The number of botch dice is highly variable and situation specific and is probably best handled as a second dice roll in the message.


----------



## jonesy

LightPhoenix said:


> [EDIT]So there's an issue - obviously in the third example all the d6 dice should be 6 (while the d4 are presumably ignored).



Why? Aren't they rerolled just once?


----------



## Morrus

LightPhoenix said:


> [EDIT]So there's an issue - obviously in the third example all the d6 dice should be 6 (while the d4 are presumably ignored).




It only rerolls once. Just because you rerolled a 3 doesn't mean it's guaranteed to come up a 6!


----------



## Thanee

Nice feature. 

Only the d10 color... that doesn't work too well... 

Can you combine those? i.e. Dice Pool and Exploding Dice would often be used together.

Bye
Thanee


----------



## Morrus

Yes, you can.


----------



## LightPhoenix

Morrus said:


> It only rerolls once. Just because you rerolled a 3 doesn't mean it's guaranteed to come up a 6!




I told it to reroll anything below a 5, unless I misunderstood the text field.

[EDIT] Unless you mean it only re-rolls once, in which case that's not strictly how something like Brutal 1 (to use a 4E example) works.


----------



## stonegod

Lets try my goliath's athletics roll.


----------



## renau1g

Let's try Brutal waepon


----------



## renau1g

Test

edit: Ah, good it does show that the 5 is re-rolled. Just wanted to confirm.


----------



## Neonchameleon

Morrus said:


> It only rerolls once. Just because you rerolled a 3 doesn't mean it's guaranteed to come up a 6!

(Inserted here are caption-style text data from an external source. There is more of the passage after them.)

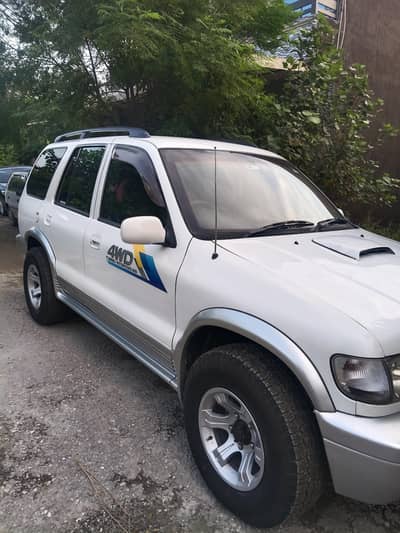 KIA Sportage 2003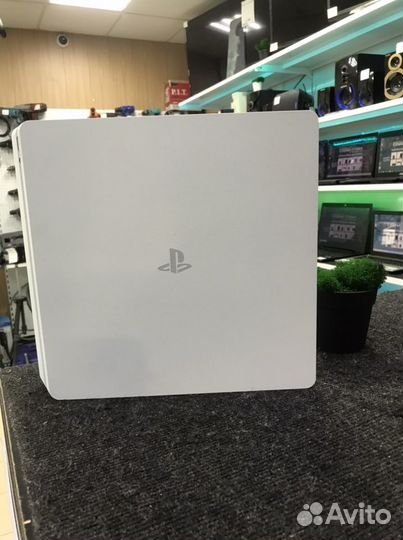 Игровая приставка Sony PS4 Slim 500Gb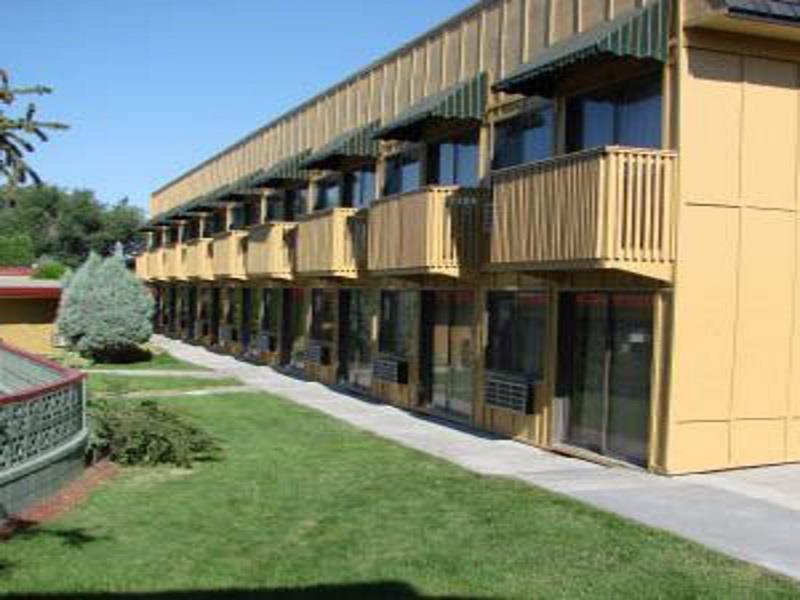 Econo Lodge Near Snake River Idaho Falls Kültér fotó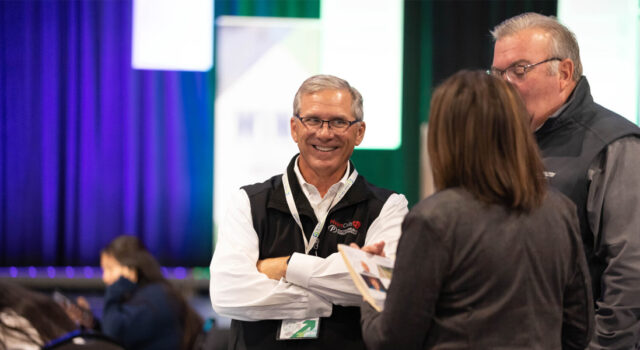 Dave Rozenboom at 2021 WIN in Workforce Summit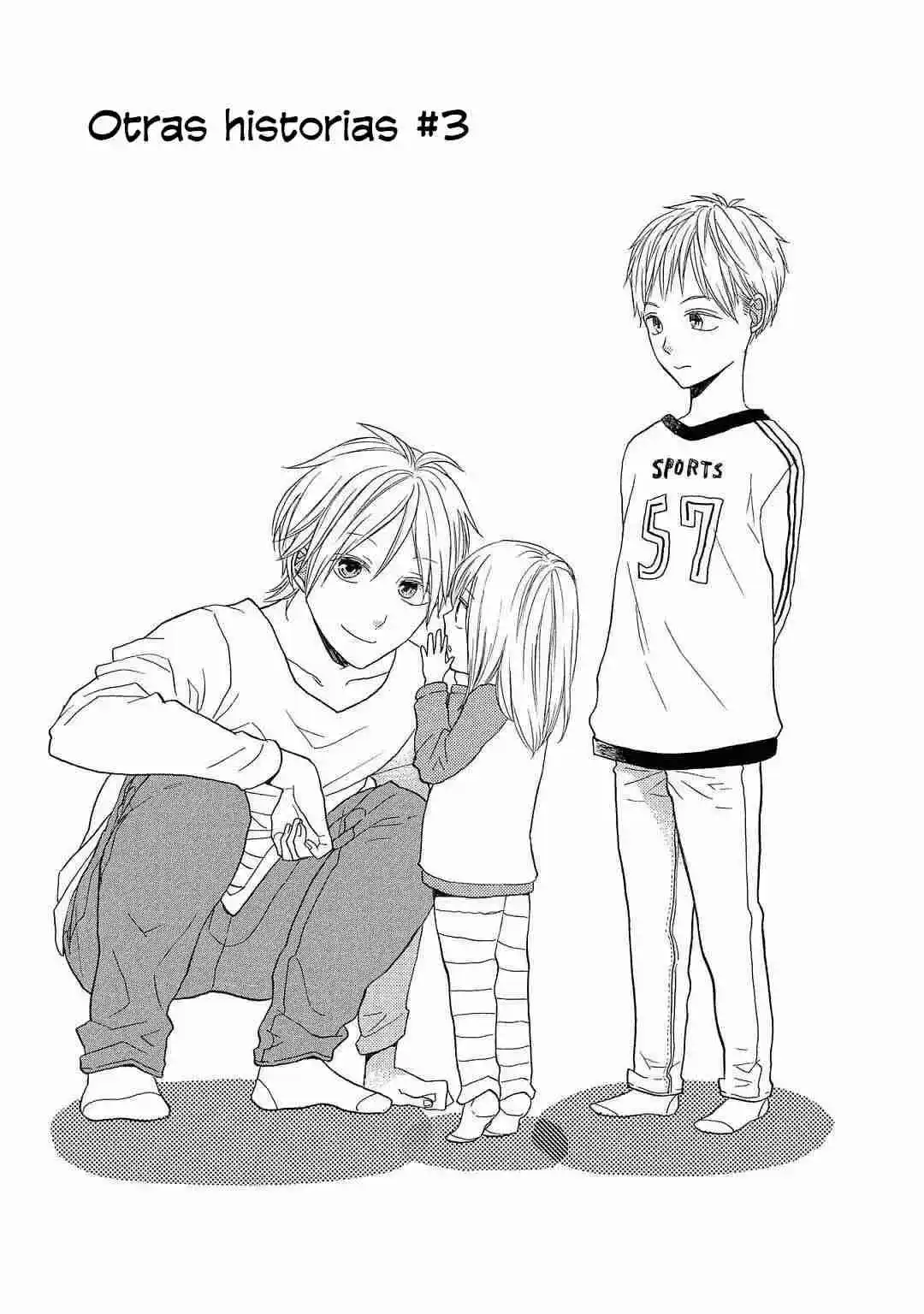 Bokura No Kiseki capítulo 151.10 página 4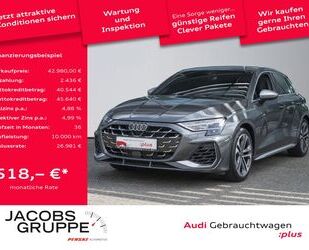 Audi S3 Gebrauchtwagen
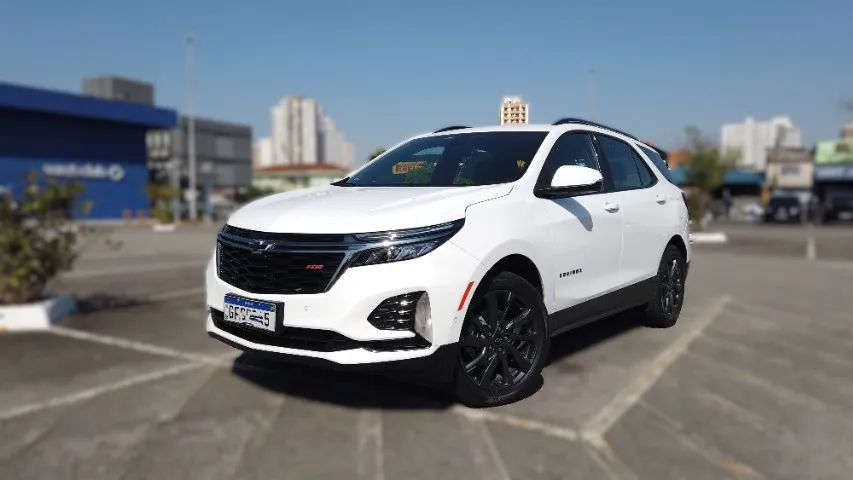 Chevrolet Equinox 2023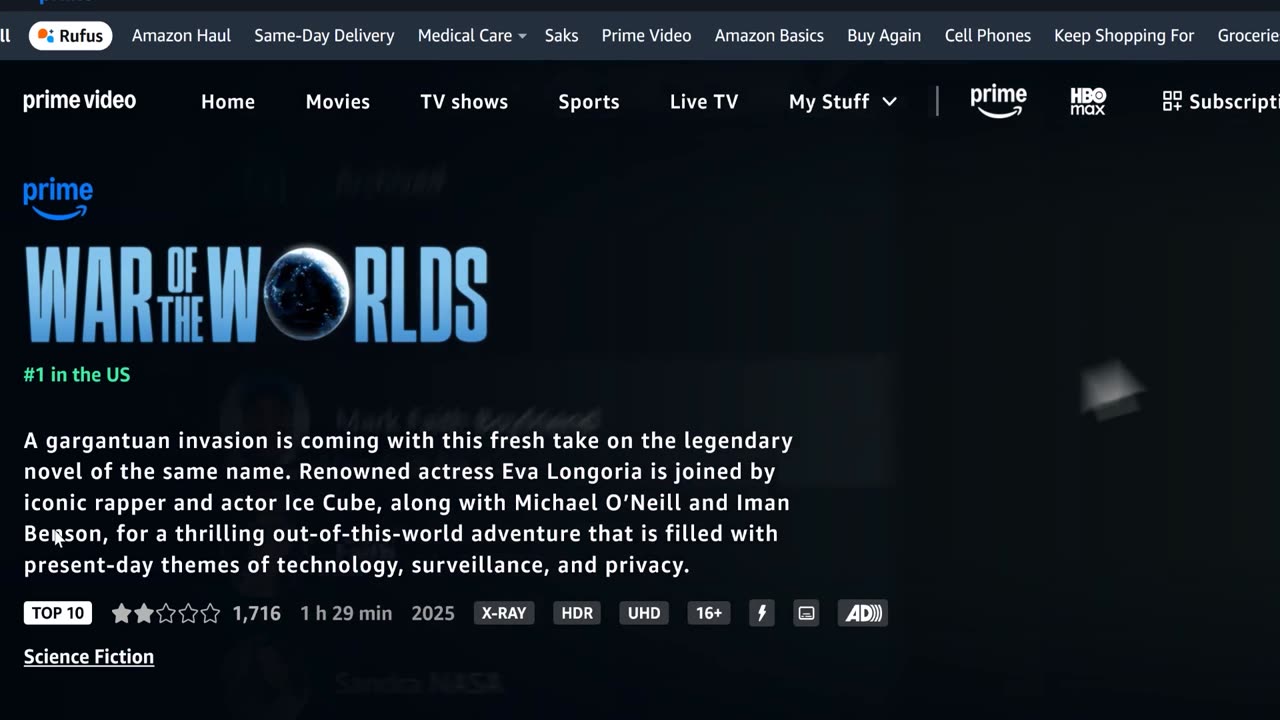 Richie From Boston: TRUMP WILL DIE IN AUGUST 2025 .......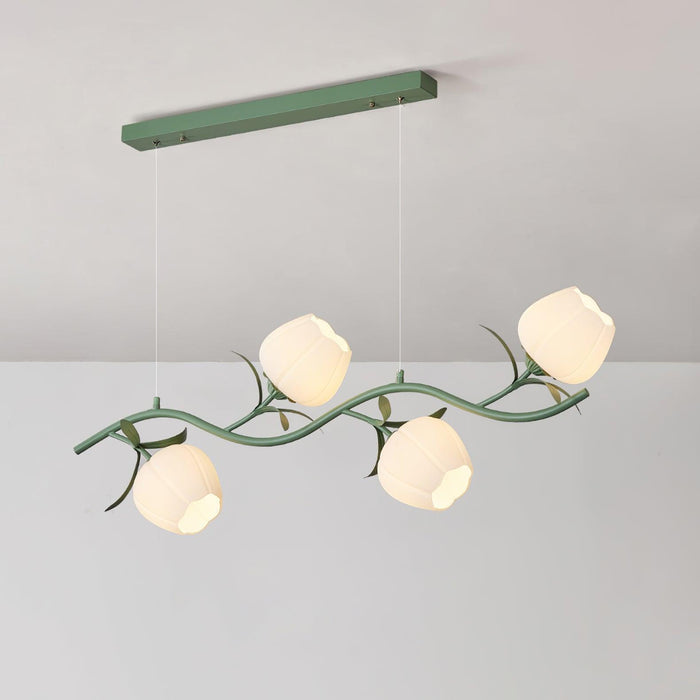 Ricko Simi Chandelier-DWHOME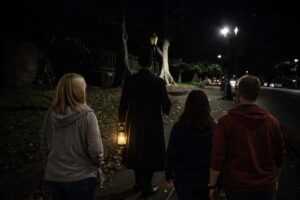 Sydney: Spirits of the Rock and Dark Past Walking Tour - The “dark past” theme: why these stops hit harder at night
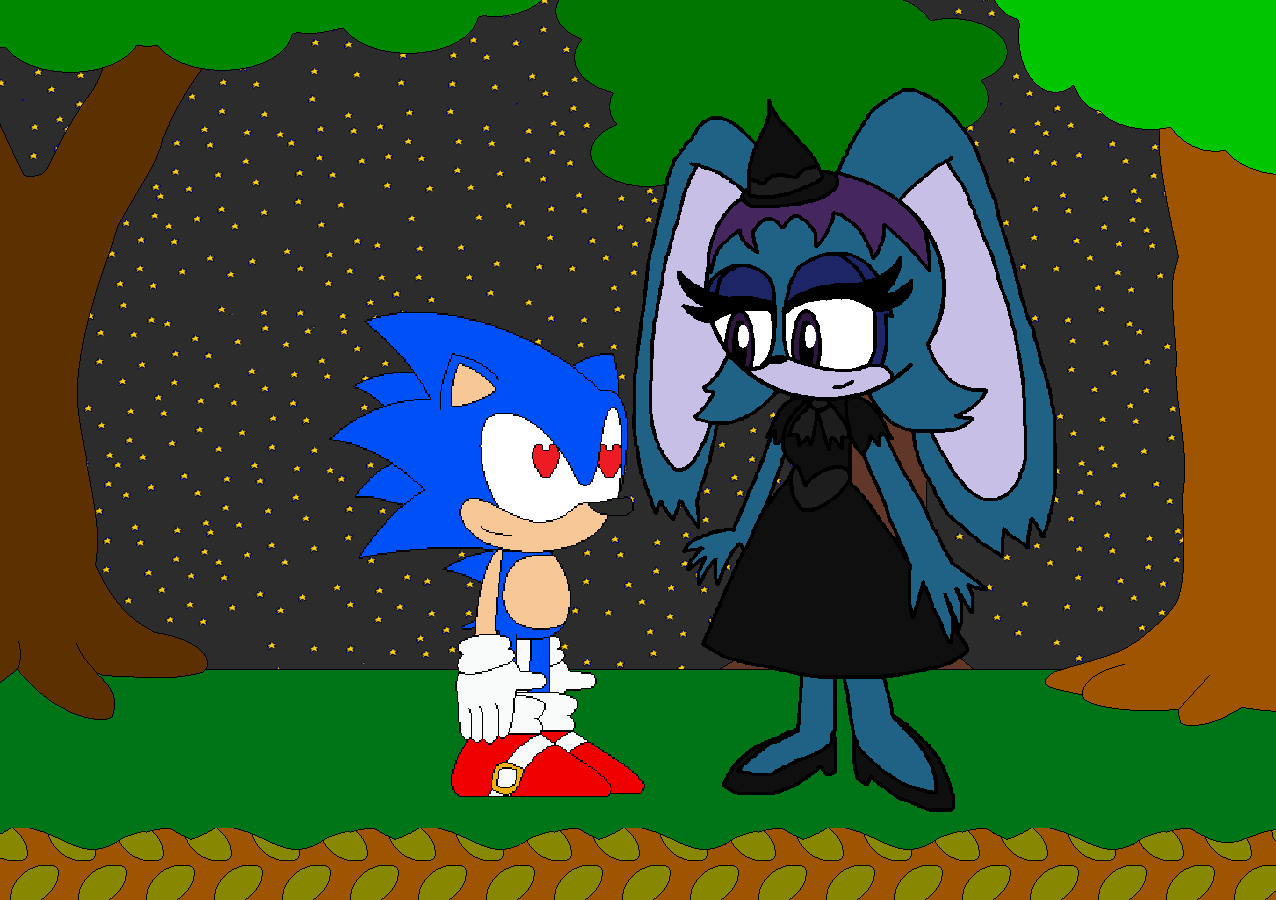 Sonic the Hedgehog: Classic/Mania Crossover by Codename-Duchess on  Newgrounds
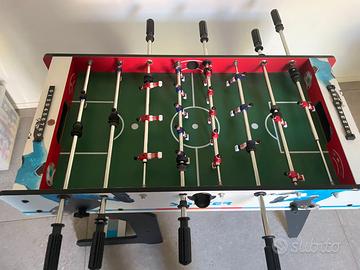 calcio balilla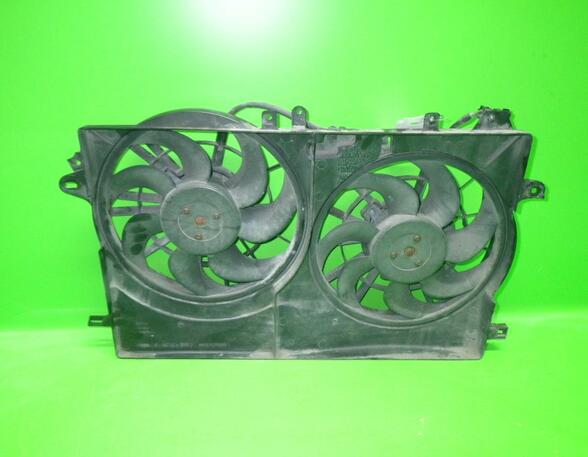 Radiator Electric Fan  Motor SAAB 9-5 Kombi (YS3E)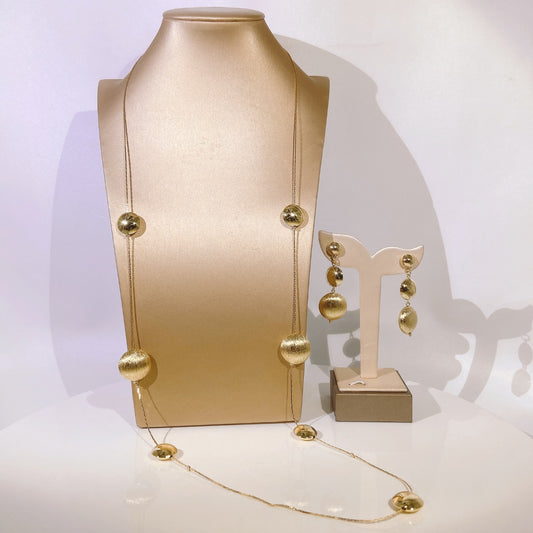 Timeless Shine Jewelry Set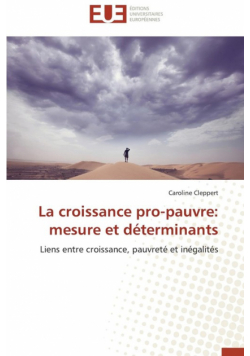La croissance pro-pauvre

So why does your 3d6 reroll 5 or less come up with three 6s?


----------



## Morrus

Neonchameleon said:


> So why does your 3d6 reroll 5 or less come up with three 6s?




Because I rolled well.


----------



## jonesy

Hmm.

Edit: huh? I rolled 8d4 and it says 7 of them are 4? How is that possible?


----------



## Morrus

Ah, maybe I'm wrong!  I can't remember how the code was now!


----------



## Aldern Foxglove

Sorry if this is the wrong place to post, but is there any way to sblock rolls?  With full attacks and the like the dice take up a great deal of space and it would be handy to know if there is a way I am missing for only those who wish to look at the rolls to access them.


----------



## Morrus

Not sblock specifically (it's not part of your post), but there is a streamlined view.  See the bottom of the dice roller for more info.


----------



## Aldern Foxglove

Excellent, thanks for the quick responses, very much appreciated.


----------



## Nebten

Sadly, the streamline view leaves that box show up in every post on the boards and that can be even more annoying then the big dice.


----------



## LightPhoenix

I don't see the streamline box on your post, or any post without a dice roll.


----------



## Calmet

-please delete-


----------